3 The Data Lake Relationship Graph

We view the GOODS catalog not only as a collection of metadata describing the datasets in the Google’s data lake but also as a representation of relationships among datasets and other related entities (teams, projects, code, and so on).

This approach is inspired by the concept of knowledge graphs [3], which are used by modern enterprises to describe entities in the real world and to allow users to search with complex queries. Nodes in such a knowledge graph represent entities in the world (e.g., Tom Hanks, “Forrest Gump”) and edges link these entities to each other (e.g., Tom Hanks played a role in “Forrest Gump”). This graph enables an extensible and flexible representation and supports queries such as “female actors who played lead roles in comedies,” which require traversing diverse relationships. We can view the structure of a data lake in a similar way, in particular as we link it to other components on enterprise infrastructure. First, we can have relationships between datasets (e.g., dataset A is a new version of dataset B). Second, we can link datasets to other entities, such as jobs that generate the datasets, projects and users that own the datasets and these jobs, or source code that defines these jobs. As we list the relationships that we identified between datasets in a data lake, it is important to note that we infer all these relationships automatically, in a post-hoc fashion, relying on a variety of information that we can gather inside the enterprise.

The following is a list of relationships among datasets that we identify as important and that we infer as we collect the metadata in the GOODS catalog.

Dataset containment: Some datasets may contain other datasets. For instance, bigtable column families[4] are first-class entriies in the GOODS catalog, and so are the bigtables themselves. We link the latter to the entries for the column families that they contain. This containment information is usually part of the metadata that we can extract directly from specific storage systems.

Provenance: Datasets are produced and consumed by code. This code may include analysis tools such as dashboarding solutions or SQL-query engines, serving infrastructures that provide access to datasets through APIs, or ETL pipelines that encode dataset transformations. For each dataset, we maintain the provenance of how the dataset is produced, how it is consumed, what datasets this dataset depends on, and what other datasets depend on this dataset. We identify and populate the provenance metadata through an analysis of production logs, which provide information on which jobs read and write each dataset.
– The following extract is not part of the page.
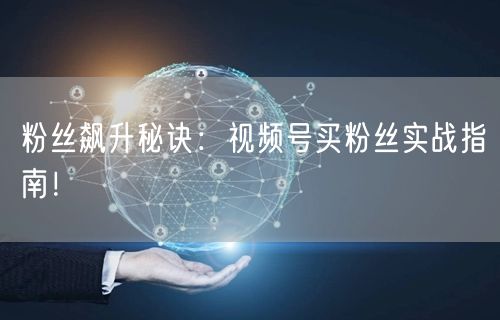 粉丝飙升秘诀：视频号买粉丝实战指南！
We then create a transitive closure of this graph connecting datasets and jobs, in order to determine how the datasets themselves are linked to one another. However, the number of data-access events in the logs can be extremely high and so can be the size of the transitive closure. Therefore, we trade off the completeness of the provenance associations for efficiency by processing only a sample of data-access events from the logs and also by materializing only the downstream and upstream relations within a few hops as opposed to computing the true transitive closure.

Logical clusters: We identify datasets that belong to the same logical cluster. While our definition of clusters is domain-dependent, in general, we usually group the following collections of datasets into a single logical cluster: datasets that are versions of the same logical dataset and that are being generated on a regular basis; datasets that are replicated across different data centers; or datasets that are sharded into smaller datasets for faster loading. Because engineers tend to use specific conventions in naming their datasets, we can identify these logical clusters efficiently by examining the dataset paths. For example, consider a dataset that is produced daily and let /dataset/2015-10-10/daily batch be the path for one of its instances. We can abstract out the day portion of the date to get a generic representation of all datasets produced in a month: /dataset /2015-10-<day>/daily batch, representing all instances from October 2015. By abstracting out the month as well, we can go up the hierarchy to create abstract paths that represent all datasets produced in the same year:

/dataset/2015-<month>-<day>/daily batch. By composing hierarchies along different dimensions, we construct a granularity semi-lattice structure where each node corresponds to a different granularity of viewing the datasets.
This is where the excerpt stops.